Description
The “Admiralty Edition” of Narrative of the Second Voyage in Search of the North-West Passage and The Appendix, by Sir John Ross, published in London in 1835.
Quarto, xxxiii, [1], 740; [Appendix], xii, [1], 120pp, cxliv, cii, [errata]. Contemporary quarter brown calf, decorative gilt bands, marbled boards. Bookplate of Ernest Thompson Seton on the front pastedown of both volumes. Booksellers’ small label on rear pastedown of both volumes. Both works are complete, with 30 plates and charts (9 hand-colored) and a large hand-colored map of the Boothia Peninsula; 20 plates (nine hand-colored) in Appendix.
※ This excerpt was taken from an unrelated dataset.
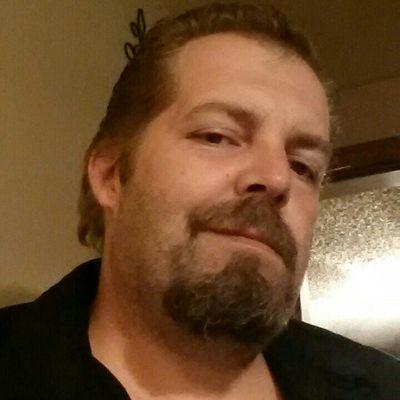 Profile Picture of Ron Frost Wright (@ravonmyst2) on Twitter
Frontispiece portrait of Sir John Ross in the Appendix. Clean text throughout, solid text block. Scattered foxing and toning to plates, color plates all fine. Archival repair to closed tear along margin of fold-out map.
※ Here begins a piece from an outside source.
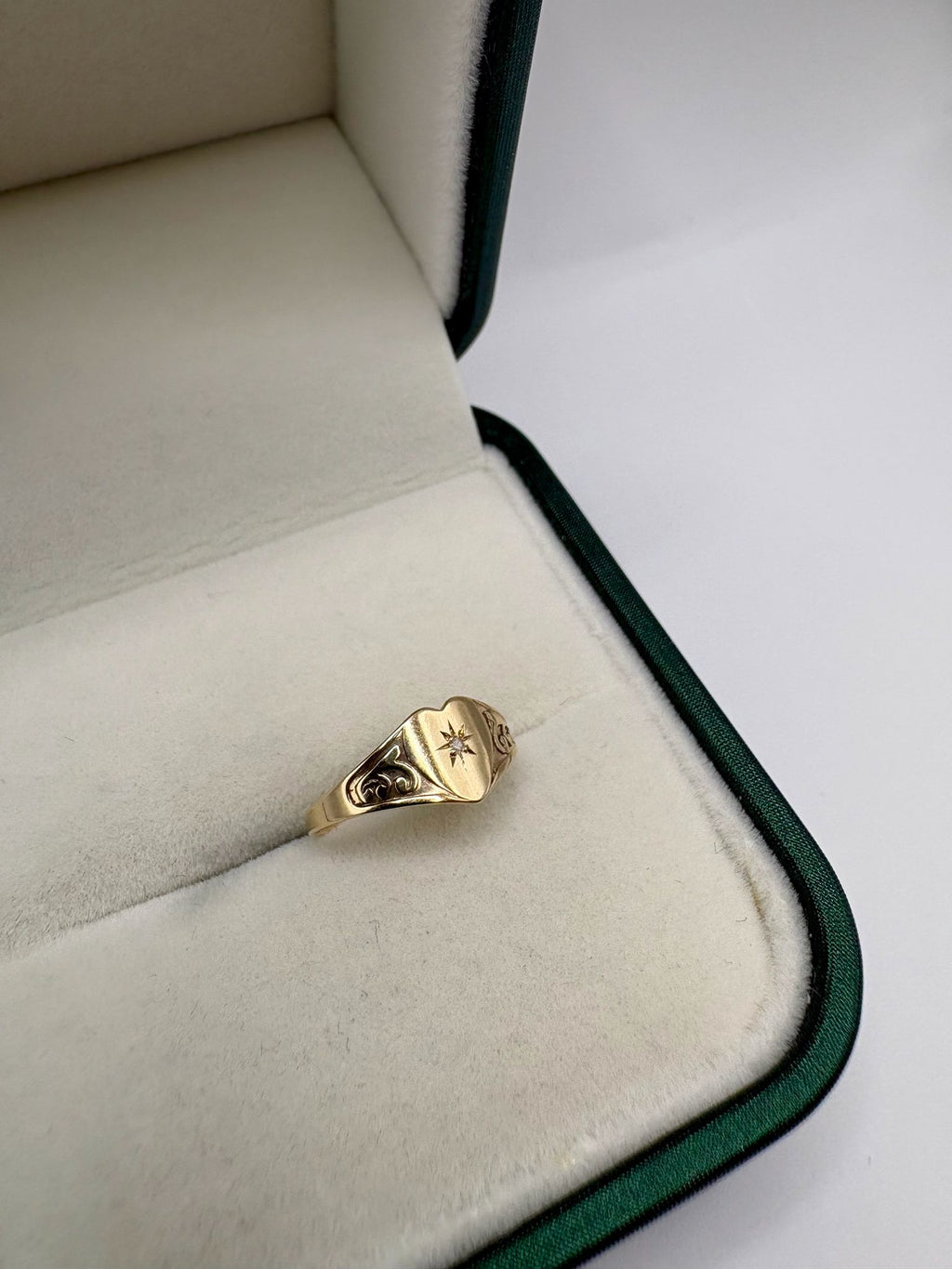 9ct gold diamond heart signet ring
(Arctic Bibliography 14866) (Sabin 73381) (Sabin 73384) (Hill 1490)
The appendix was printed in fewer numbers than the full narrative and is a scarce text in complete form. Contains additional accounts of the native populations of the arctic region and samples of their language.
John Ross (1777-1856) a British naval officer and explorer, undertook a second Arctic voyage in 1829-33 aboard the steam-assisted paddle vessel Victory, pursuing the Northwest Passage after his disputed 1818 findings. Entering Prince Regent Inlet, Ross wintered at Felix Harbour on the Boothia Peninsula, where his nephew James Clark Ross made the major geographical discovery of the North Magnetic Pole in 1831. Ice pressure trapped Victory for multiple seasons and forced a prolonged retreat by boat and sled to Lancaster Sound, where the party was eventually rescued by a whaling ship in 1833; despite the loss of the vessel, the expedition produced valuable magnetic and cartographic data and rehabilitated Ross’s standing within the British scientific and naval community.